SwDev is only present in libraries that have their own Collins Part Number. It contains make scripts that are used to identify the project settings, compiler-specific make scripts, and the make rules used throughout the project. It typically contains the following files.

| File | Description |
| :------------- | :------------------------------------------ |
| project.mk | CPN, version, and project-specific settings |
| gcc.mk | Generic compiler-specific make script |
| build.mk | Generic make script |
[SwDev Make Scripts]

A typical project.mk defines at least the following make variables.

| Variable | Description |
| :--------- | :----------------------------------------- |
| CPN | Collins Part Number |
| VERSION | Version number in Major.Minor.Build format |
| DEBUG | Debug level, undefined mean "release" |
| COMPILER | Compiler/target/tool-chain |
| PLATFORM | Target platform/operating system. |
| PATH_OBJ | Path for temporary files. |
| DBGSFX | "D" if DEBUG is defined, "" otherwise. |
| CLEAN | Filename glob to use for make clean. |
[project.mk Make Variables]

src

The src directory contains the source code that implements a library and the Makefile the builds it. Header files that are not part of the user interface also belong here.

Makefile

The Makefile contains instructions for building a library. Libraries use a common Makefile format. Let's consider the example makefile a little at a time.

PROJDIR := $(abspath ..)

PROJDIR points to the top of this project's directory tree. It's a relative path, so that the project can be built from anywhere. Locations for files outside of the currently library are all referenced relative to $(PROJDIR).

SWDEV ?= $(PROJDIR)/SwDev

If SWDEV is not already defined, it defaults to the current projects [SwDev][] directory. Super-projects define SWDEV in their higher-level Makefiles so that the subprojects all use the same compiler settings and build rules.

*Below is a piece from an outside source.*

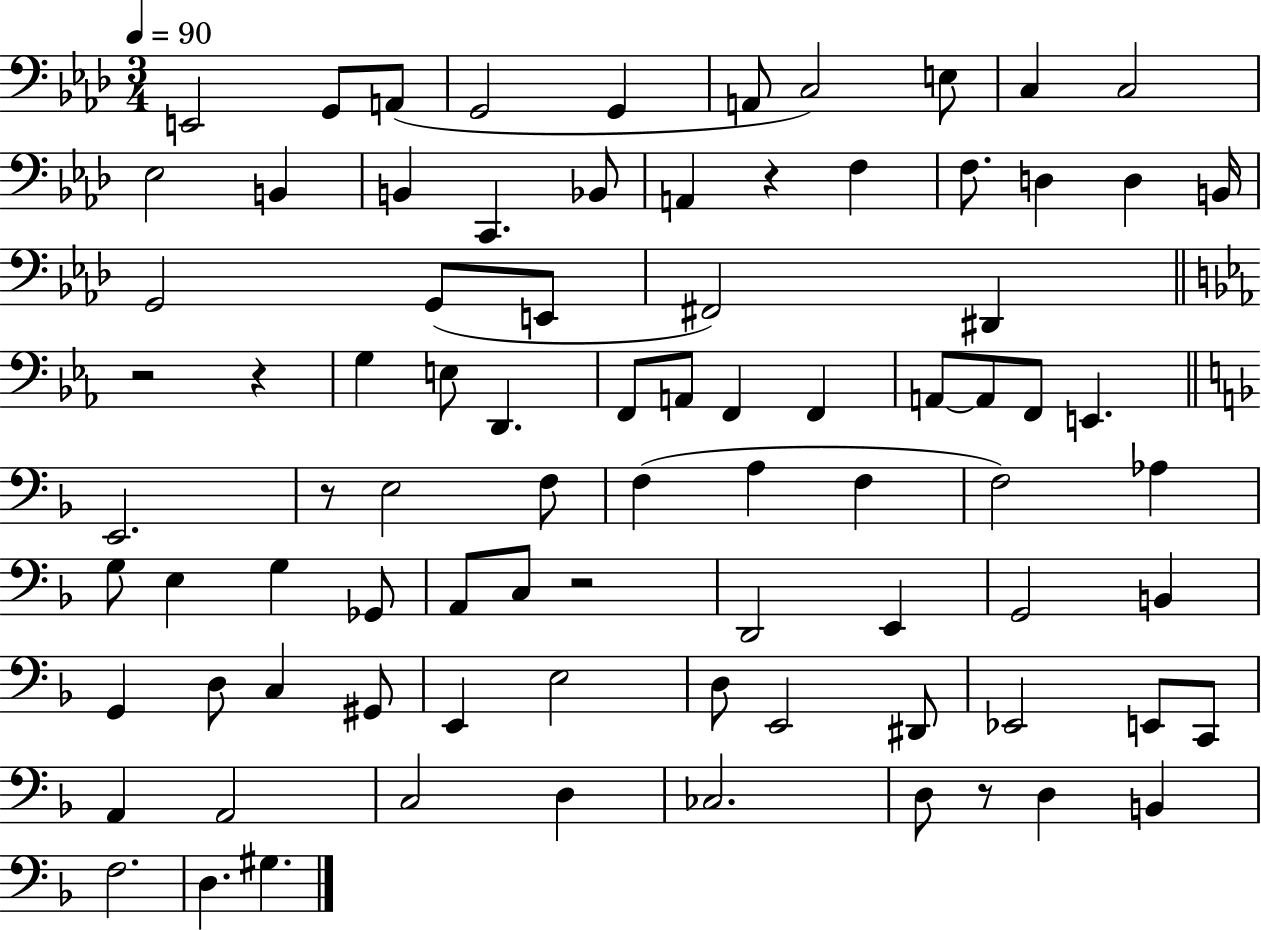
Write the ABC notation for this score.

include $(PROJDIR)/SwDev/project.mk

The above line refers to the project-specific makefile [project.mk[].

TARGET1 = $(PROJDIR)/lib/MyLib$(COMPILER)$(DBGSFX).$A
TARGETS = $(TARGET1)

The above lines define the libraries that will be built. Notice the use of "=" instead of ":=". make evaluates the right-hand-side of ":=" before the assignment. make does not immediately evaluate the right-hand-side of '=', however. This is important for TARGET1 and TARGETS above, because the value for $A is not known until gcc.mk is included below.

SOURCE := MyLib.cpp Class.cpp Pimpl.cpp

SOURCE is a list of source files to be compiled, not including header files.

SYSINCL := $(RCI) $(BOOST)

SYSINCL is a list of directories to be searched for header files. These files are not included in the library's dependency list.

INCLUDE := ..
INCLUDE += $(PROJDIR)/OtherLib

INCLUDE is another list of directories to be searched for header files. These files are included in the library's dependency list.

include $(SWDEV)/$(COMPILER).mk
include $(SWDEV)/build.mk

The above two lines include the project-specific make scripts.

$(TARGET1): $(OBJ)

Finally, the last causes the compiled object modules to be installed into the library archive. The action is inferred from the target filename extension.

InternalIncludes.h

Header files that are not part of the library's user-interface belong in the src directory.

MyLib.cpp

MyLib.cpp provides the implementation detail for [Mylib.h][].

Pimpl.cpp

Pimpl.cpp provides the implementation detail for [Pimpl.h][]. It defines the Pimpl::Impl class and defines the public Pimpl member functions in terms of Pimpl::Impl member functions, usually with the same name and signature.

Class.cpp

Class.cpp provides the implementation detail for [Class.h][]. This file only defines methods that are not already defined inline in the class declaration.

tests

The tests directory contains the unit tests for the library. Running make in that directory builds and runs the unit tests.